Of the 337 households, 38.0% of which had children under the age of 18 living with them, 55.2% were married couples living together, 7.1% were cohabitating couples, 20.5% had a female householder with no spouse or partner present and 17.2% had a male householder with no spouse or partner present. 29.7% of all households were non-families. 25.2% of all households were made up of individuals, 10.4% had someone living alone who was 65 years old or older.

The median age in the city was 38.3 years. 29.7% of the residents were under the age of 20; 5.1% were between the ages of 20 and 24; 23.4% were from 25 and 44; 25.8% were from 45 and 64; and 16.0% were 65 years of age or older. The gender makeup of the city was 48.5% male and 51.5% female.

===2010 census===
As of the census of 2010, there were 852 people, 327 households, and 237 families residing in the city. The population density was 869.4 PD/sqmi. There were 338 housing units at an average density of 344.9 /sqmi. The racial makeup of the city was 96.1% White, 1.1% African American, 0.7% Asian, 0.4% from other races, and 1.8% from two or more races. Hispanic or Latino of any race were 2.6% of the population.

There were 327 households, of which 38.2% had children under the age of 18 living with them, 59.6% were married couples living together, 9.5% had a female householder with no husband present, 3.4% had a male householder with no wife present, and 27.5% were non-families. 24.5% of all households were made up of individuals, and 9.5% had someone living alone who was 65 years of age or older. The average household size was 2.61 and the average family size was 3.13.

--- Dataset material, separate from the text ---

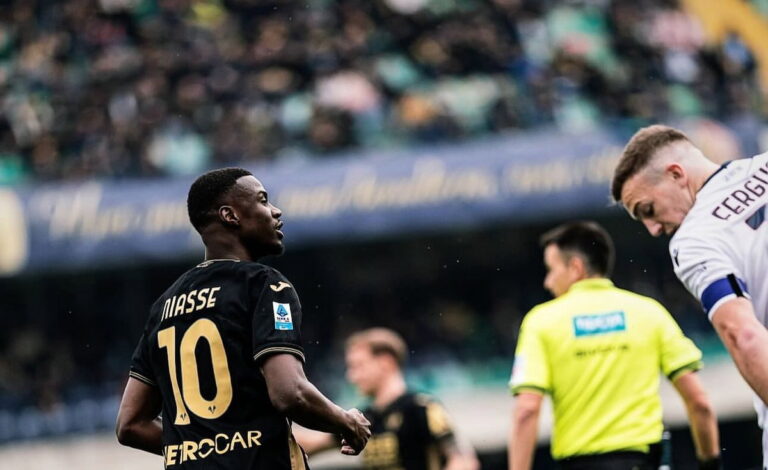 Niasse Breakthrough Forces Norwich Into £8.5m Transfer Call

The median age in the city was 35.3 years. 29.1% of residents were under the age of 18; 8.2% were between the ages of 18 and 24; 26.7% were from 25 to 44; 25.3% were from 45 to 64; and 10.8% were 65 years of age or older. The gender makeup of the city was 48.2% male and 51.8% female.

===2000 census===
As of the census of 2000, there were 749 people, 269 households, and 206 families. The population density was 792.9 PD/sqmi. There were 292 housing units at an average density of 309.1 /sqmi. The racial makeup of the city was 96.26% White, 0.13% Native American, 1.20% Asian, 1.34% Pacific Islander, 0.80% from other races, and 0.27% from two or more races. Hispanic or Latino of any race were 0.80% of the population.

There were 269 households, out of which 41.6% had children under the age of 18 living with them, 66.2% were married couples living together, 7.8% had a female householder with no husband present, and 23.4% were non-families. 19.0% of all households were made up of individuals, and 8.2% had someone living alone who was 65 years of age or older. The average household size was 2.78 and the average family size was 3.18.

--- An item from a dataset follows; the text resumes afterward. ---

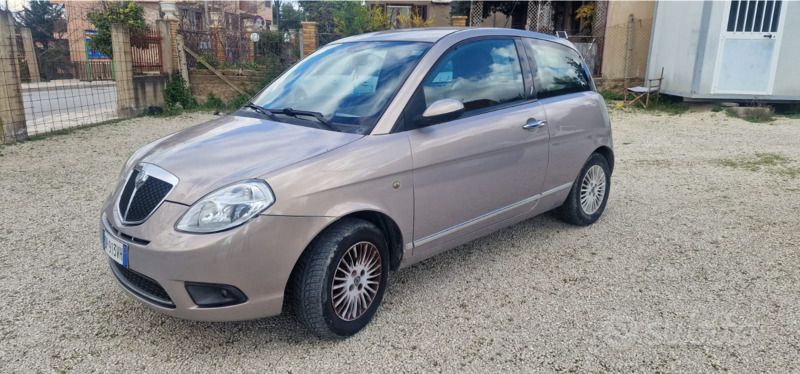 Usata 2010 Lancia Ypsilon Due volumi | 3600 € (Buon prezzo) - Immagine 1/4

Age spread: 29.0% under the age of 18, 8.9% from 18 to 24, 30.4% from 25 to 44, 23.4% from 45 to 64, and 8.3% who were 65 years of age or older. The median age was 33 years. For every 100 females, there were 99.7 males. For every 100 females age 18 and over, there were 102.3 males.

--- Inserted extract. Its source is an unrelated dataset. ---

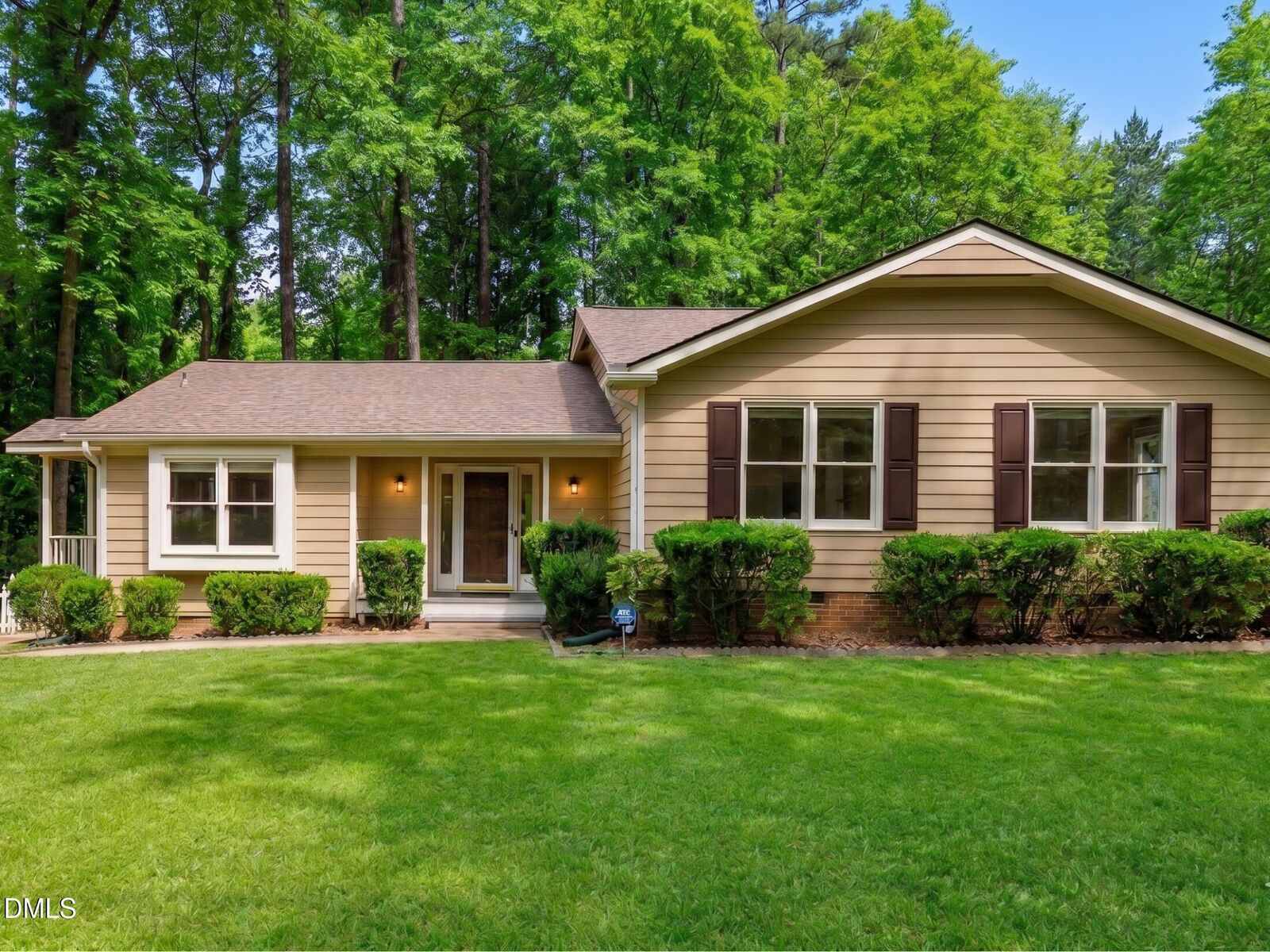 Property Photo:  5613 Oldtowne Road  NC 27612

The median income for a household in the city was $41,771, and the median income for a family was $48,229. Males had a median income of $31,083 versus $24,167 for females. The per capita income for the city was $15,863. About 4.4% of families and 5.9% of the population were below the poverty line, including 11.2% of those under age 18 and 3.5% of those age 65 or over.